▶ Excerpted data
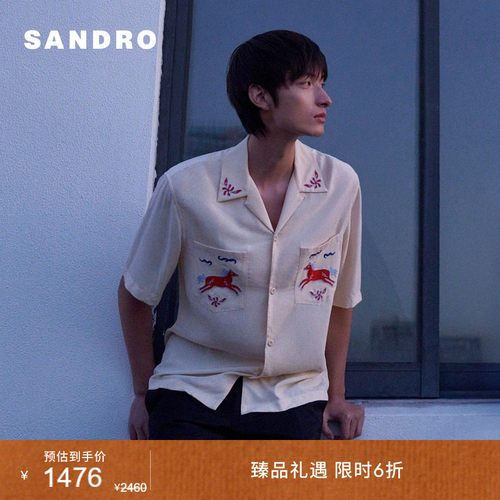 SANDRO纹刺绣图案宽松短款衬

--

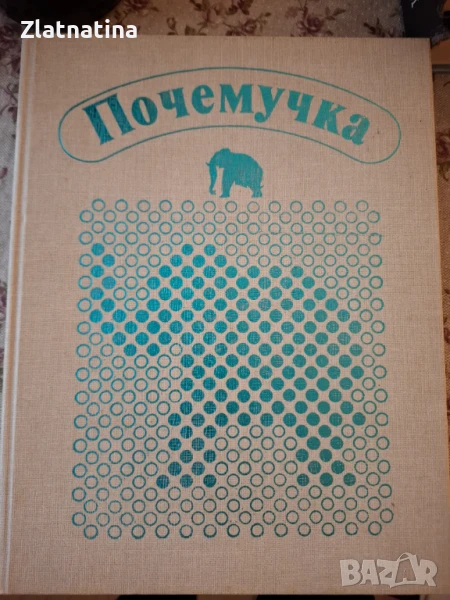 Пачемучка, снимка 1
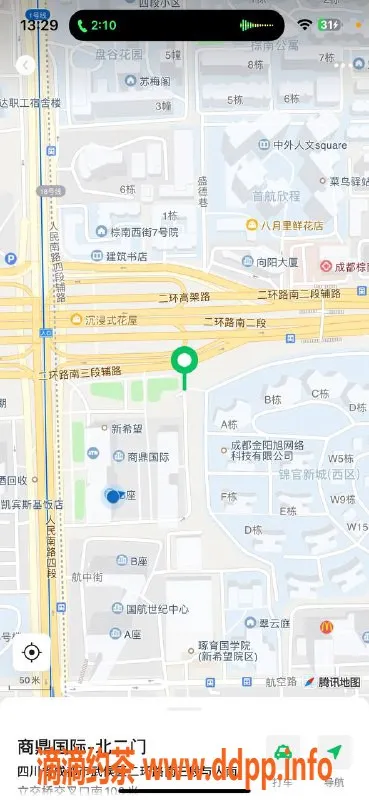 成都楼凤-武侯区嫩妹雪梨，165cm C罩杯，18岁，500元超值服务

▶ Your task
Return word for word the lines of the listing above, starting at the line with "Пачемучка, снимка 1" and ending at the line with "成都楼凤-武侯区嫩妹雪梨，165cm C罩杯，18岁，500元超值服务", both included. Pictures do not belong in the copy.

▶ Answer space
 Пачемучка, снимка 1
 成都楼凤-武侯区嫩妹雪梨，165cm C罩杯，18岁，500元超值服务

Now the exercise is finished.